Next we add the logarithmic probability of the features given labels to this set. For each label in our features, we go through the feature set and we add the logarithmic probability of each item to our probability set from above. For example, we have the feature name 'died' and the feature value 'True'. Its probability value for the label 'positive' in our classifier is -2.

In [7]:
print(str(classifier._feature_probdist)[0:225] + "...\n") # Print a small section from the start for demo purposes

print("Feature probability distribution value for label 'died':", classifier._feature_probdist[('negative', 'died')].prob(True))

print("...converted to a log value: ", math.log(classifier._feature_probdist[('negative', 'died')].prob(True), 2))

{('positive', 'lol'): <ELEProbDist based on 5 samples>, ('negative', 'whoops'): <ELEProbDist based on 5 samples>, ('positive', 'died'): <ELEProbDist based on 5 samples>, ('negative', 'just'): <ELEProbDist based on 5 samples>,...

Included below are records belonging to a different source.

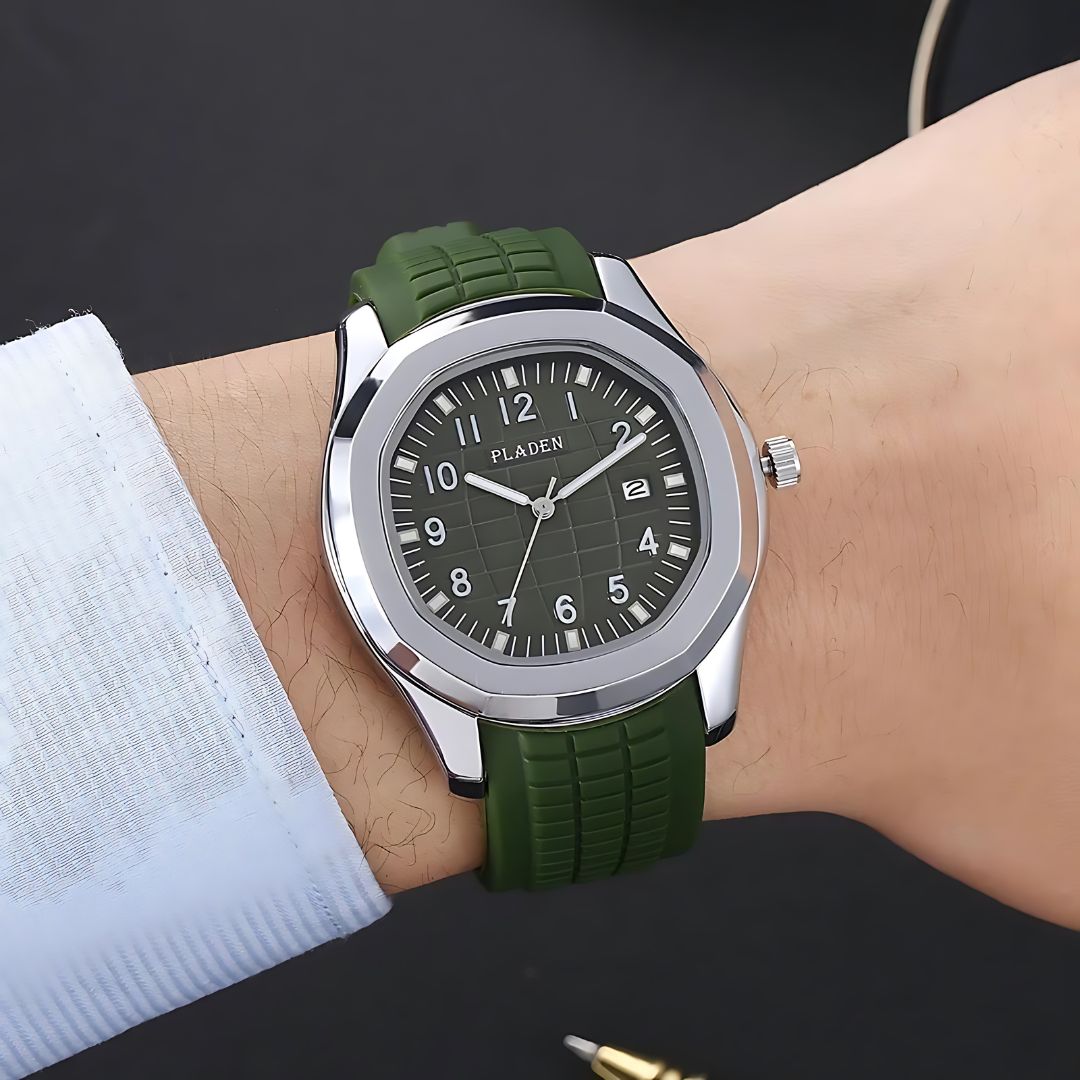 Pladen Stainless Steel Watch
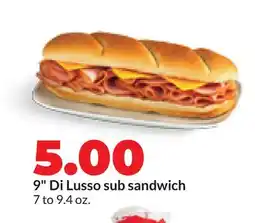 Hy-Vee 9 Di Lusso sub sandwich offer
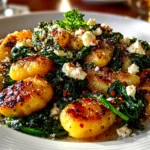 Freshly Prepared Gnocchi with Spinach and Feta
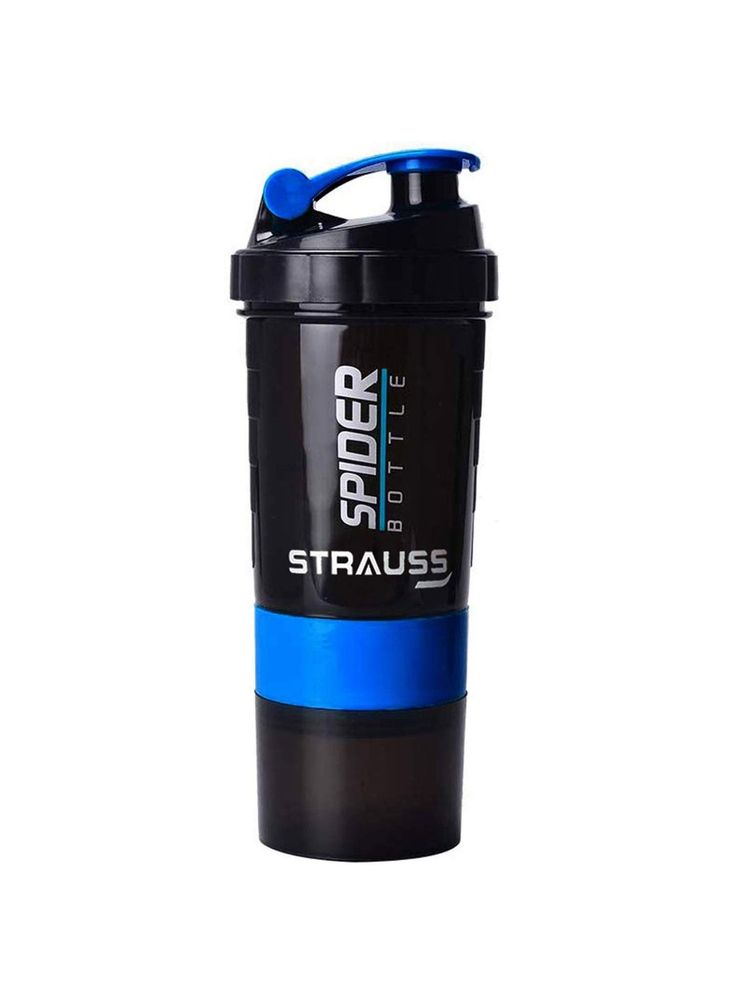 Strauss Spider Shaker Bottle 500 ml (Blue)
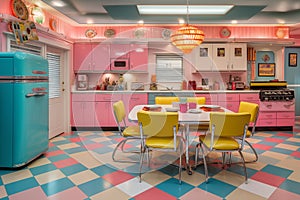 Kitchen retro vintage interior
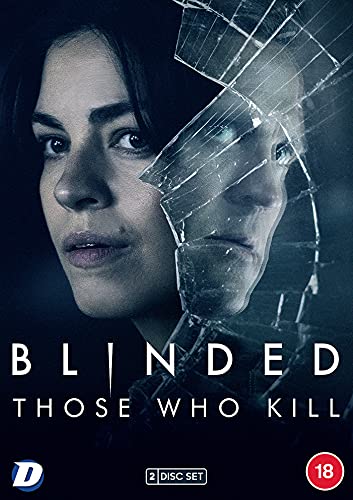 DVD cover showing a woman's face partially reflected in shattered glass on dark background.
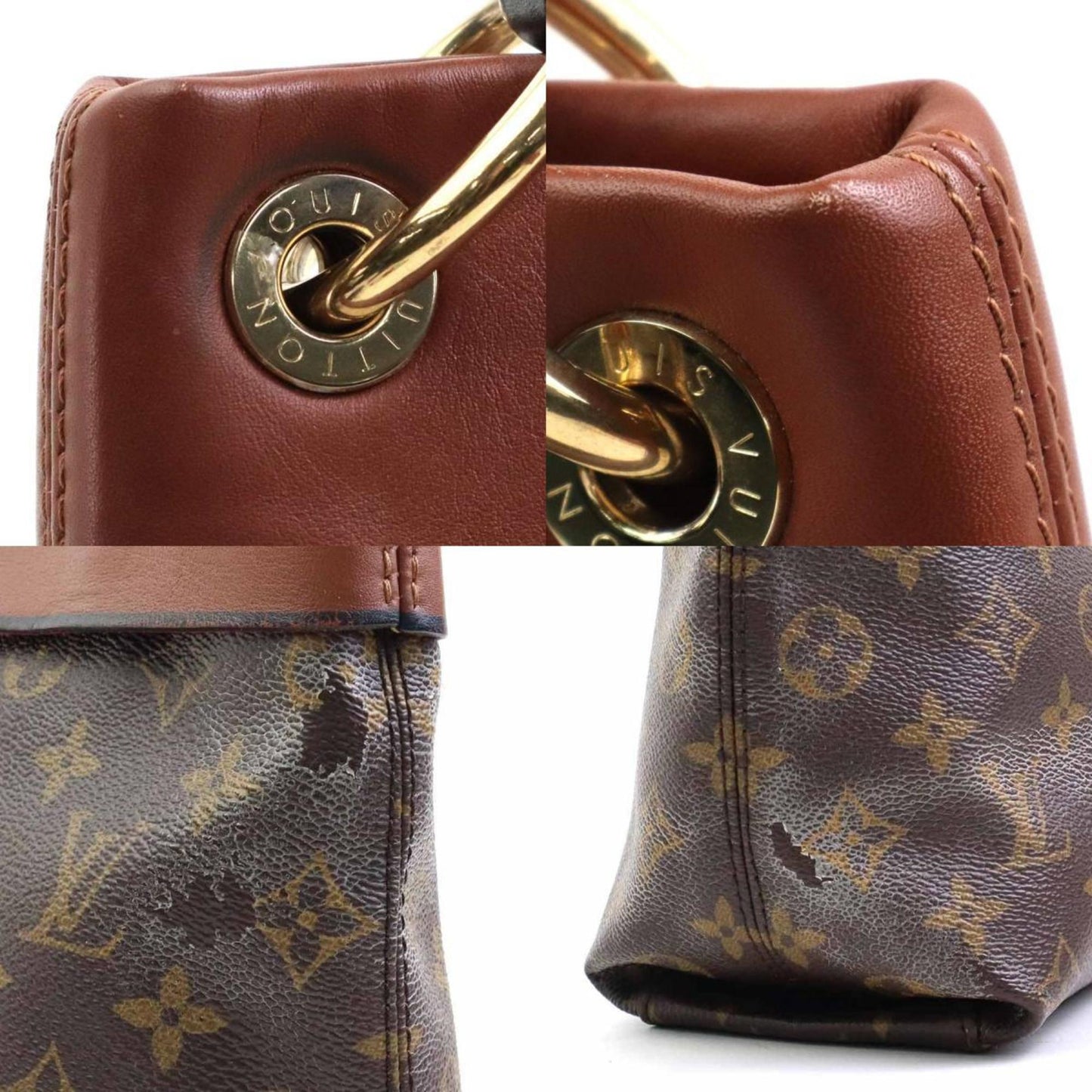 Louis Vuitton Monogram Canvas Handbag Shoulder Bag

Feature probability distribution value for label 'died': 0.25
...converted to a log value:  -2.0


Once we have done this for every label, we will then have a dictionary of probability distribution which will give us the label with the greatest probability. In this case it is negative indicating that our classifier has told us it thinks the tweet has negative sentiment.


If we then try and use this classifier to classify the tweet "You're annoying", you'll see that it returns 'neutral' even though it quite clearly isn't. This is down to the fact that there is no information about the feature 'annoying' in our training set. For this reason a well chosen and larger training set is highly desirable in order to ensure higher accuracy when it comes to sentiment analysis.

In [8]:
tweet = "You're annoying"
print('"' + tweet + '"')
dist = classifier.prob_classify(tweet_processing.format_sentence(tweet))
for label in dist.samples():
    if label == 'positive':
        positive = dist.prob(label)
    elif label == 'negative':
        negative = dist.prob(label)
        
predict = classifier.classify(tweet_processing.format_sentence(tweet))       
        
if positive - negative < 0.1 and positive - negative > -0.1:
    predict = "neutral"

positive = '%.1d' % (round(positive, 2) * 100) + "%"
negative = '%.1d' % (round(negative, 2) * 100) + "%"
print("Sentiment: " + predict)
print("Positive:", positive)
print("Negative:", negative)

"You're annoying"
Sentiment: neutral
Positive: 50%
Negative: 50%